For example, in an engine of the above kind whose bearings are closed by lower bearing blocks retained by fixing threaded studs, said transverse fixing lugs comprise holes for said studs for fixing the lower bearing blocks to pass through, onto which studs said fixing lugs are fixed by locknuts screwed onto said studs.

Alternatively, the fixing means may comprise fixing lugs disposed to be fixed to any other fixed region of the engine block that is easily accessible after fitting the rotating components and before fitting the crankcase.

In one practical embodiment, said mechanically rigid assembly comprises:

• • a longitudinal feed tube constituting said common feed manifold, to which are connected transverse tubes whose ends constitute said cooling nozzles, and
  • a fixing plate comprising transverse fixing lugs and fixed to said longitudinal feed tube by brazing, welding or adhesive bonding.

Preferably, said fixing plate is bent to a right-angle shape into the corner of which is fixed said longitudinal feed tube, a first flange of the right-angle shape constituting said fixing lugs, a second flange of said right-angle shape having transverse extensions parallel to said transverse tubes and whose end regions are fixed to said transverse tubes by brazing, welding or adhesive bonding.

In one advantageous embodiment, which facilitates assembly, said hydraulic interface means comprise a lower entry orifice in communication with said common feed manifold and fastened thereto and adapted to be connected in a sealed manner to an upper feed orifice in said crankcase as a result of fitting said crankcase under said engine block, said upper feed orifice communicating with the pressurized oil circulation circuit of said engine in said crankcase.

One problem lies in the relative positioning and sealing of the hydraulic connections of the cooling system. These are facilitated and improved by providing a structure in which:

• • said lower entry orifice is provided in a plane lower facet of said mechanically rigid assembly in the joint plane between said crankcase and said engine block, and
  • said upper feed orifice is provided in a plane upper facet of a connection block of said crankcase in said joint plane between said crankcase and said engine block.
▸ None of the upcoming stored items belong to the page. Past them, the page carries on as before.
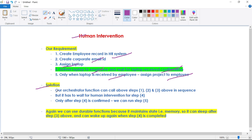The orchestrator function can call steps 1, 2, and 3 — creating the employee record, creating the corporate email ID, and assigning the laptop — in sequence and in quick order. But the orchestrator function will have to wait for human intervention for step 4. Let's say we delivered the laptop to the employee's address; it may take 2 days or even 10 days to get delivered. So we will have to wait for confirmation from the employee that he has received the laptop.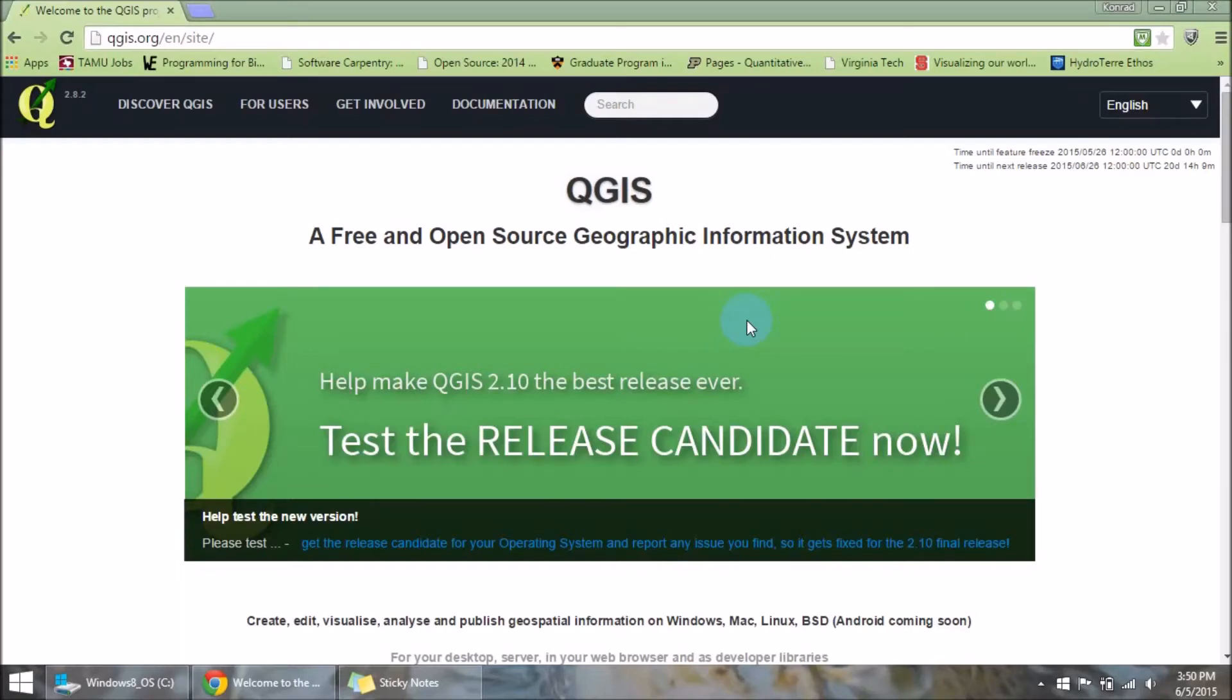In this video I will show you how to get the QGIS API set up so you can use it in a Python command line or in a Python script.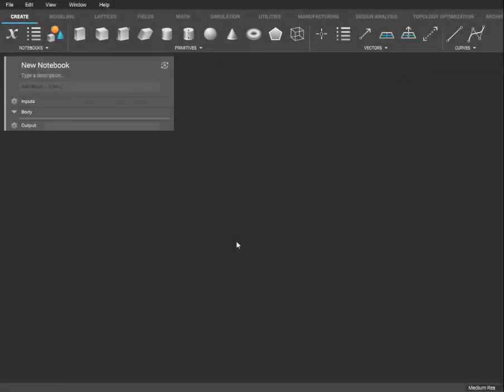Hello and welcome back to the Additive Guru channel. I'm Matthew and today I'm going to be showing you how to create a Voronoi lattice.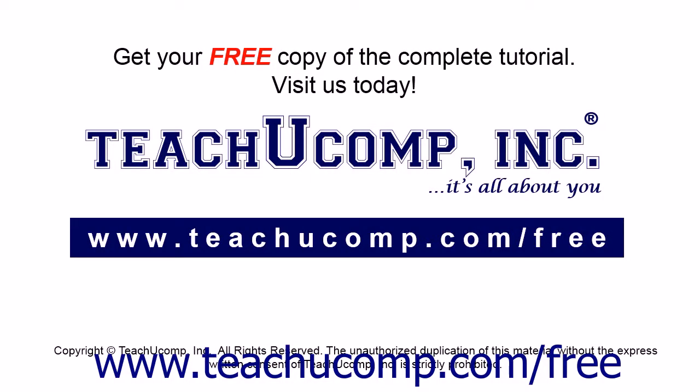Get your free copy of the complete tutorial at www.teachucomp.com forward slash free.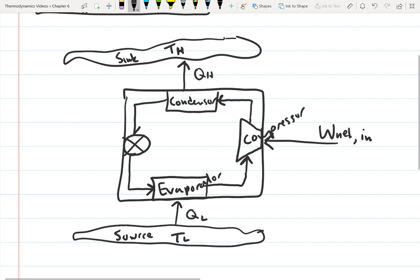The fluid flows from the condenser to the throttle. The throttle reduces the pressure of the fluid — when the fluid exits the condenser it's at high pressure, and the throttle decreases it to the pressure of the evaporator, which is lower. The refrigerant then goes into the evaporator, which turns the liquid into vapor. To do that, it needs heat, so the evaporator removes heat from whatever we're trying to cool — say the inside of the refrigerator — using that heat to turn the refrigerant from liquid into vapor. The fluid then flows from the evaporator into the compressor.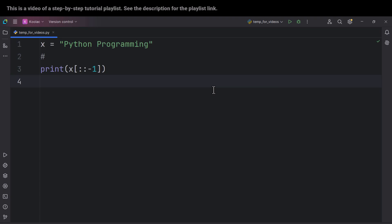So far we have discussed a lot of things about slicing, indexing, and all of these things in Python. The example was a string, but remember that later in this playlist we are going to learn about lists, tuples, and other things — and all of these concepts are applicable to those as well. This was one of the videos of a step-by-step Python tutorial playlist; you can find the link in the description below, and we also have other playlists on the channel page.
Thus the crankcase seal may simultaneously seal the hydraulic connections.

In this case, it is also advantageous if:

• • said upper feed orifice communicates with a junction orifice in said connection block open toward the interior of said crankcase, and
  • a connecting pipe is adapted to be housed in said crankcase and to connect said junction orifice and an intake orifice of the oil circulation circuit of said engine in the wall of said crankcase.

Preferably, said upper feed orifice communicates with the oil circulation circuit of the oil filter of said engine on the upstream side or on the downstream side of said oil filter.

A downstream connection benefits from the cleansing effect of the oil filter to prevent the risk of any impurities entrained in the cooling oil clogging the nozzles.

Preferably said hydraulic interface means comprise a valve for controlling the flowrate of said cooling liquid, and, one or more branches at the outlet of said valve for feeding separately one or more common feed manifolds depending on whether the engine has one row of cylinders or more than one row of cylinders.

The invention also provides an internal combustion engine comprising rotary components including pistons mounted in an engine block having an open lower face closed off by a crankcase and cooling nozzles adapted to spray jets of cooling liquid toward the bottom of said pistons, which engine comprises a cooling system as defined above.

BRIEF DESCRIPTION OF THE DRAWINGS

Other objects, features and advantages of the present invention will emerge from the following description of particular embodiments of the invention given with reference to the appended drawings.

FIG. 1 is a schematic of one embodiment of a cooling system of the invention suitable for an in-line engine.

FIG. 2 is a sectional schematic of an in-line engine block showing the fitting of the cooling system shown in FIG. 1.

FIG. 3 is a schematic of one embodiment of a cooling system of the invention suitable for an engine with two rows of cylinders in a Vee formation.

FIG. 4 is a sectional schematic of an engine block with cylinders in a Vee arrangement into which the system shown in FIG. 3 has been fitted.

FIG. 5 is a perspective view of the essential components of one embodiment of a cooling system of the invention for a V8 engine.

FIG. 6 is a partial perspective view of the upper face of an engine crankcase showing the fitting of the connection means shown in FIG. 5.

FIG. 7 is a perspective view of the lower face of a V8 engine block showing the fitting of the embodiment of the common feed manifolds shown in FIG. 5.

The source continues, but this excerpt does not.